Stablecoins are an integral part of the overall crypto market. The aggregate value of stablecoins grew to more than $180 billion in March 2022, according to a report published by the Fed on Monday. That same report warned investors that stablecoins could become "illiquid during stress," making them prone to runs -- when depositors attempt to withdraw an asset en masse, which has a negative impact on the price. 

On Tuesday, Binance, the world's largest cryptocurrency exchange, halted withdrawals for terraUSD and the related Luna cryptocurrency, which also runs on the terra network. Binance said it did so "due to a high volume of pending withdrawal transactions," and it resumed terra withdrawals early Tuesday morning. 

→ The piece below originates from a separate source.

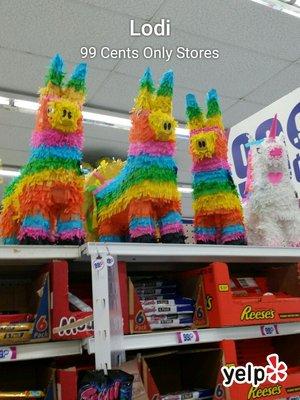 Ready for a summer Fiesta!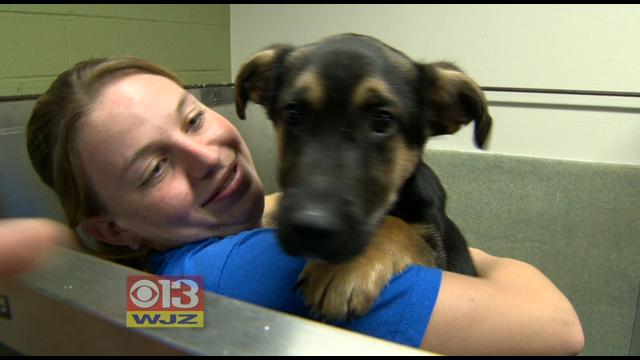 Md. SPCA Holds Food Truck Rally To Help Dogs Find Homes CBS Baltimore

That a popular stablecoin like terra has now lost its "peg" to the dollar could portend broader challenges in the crypto markets. But headwinds are being seen throughout the financial system. The Dow Jones Industrial Average has repeatedly closed lower in recent days and the S&P 500, a large fund that people commonly use to gauge the health of the stock market, is also down considerably from last week.

"The Ukraine war, a global energy shock and the risk the Fed tries to fight the supply-driven inflation have sparked a reassessment of macro scenarios among market participants," Blackrock analysts wrote on Monday

In March, the inflation rate hit 8.5%, the highest it's been in 40 years. In response, the Fed raised interest rates by 0.5% with the hope of stabilizing the economy. Recent data from the Bureau of Labor Statistics shows that inflation has receded slightly year over year, up 8.3% in April, but it's still at a record high.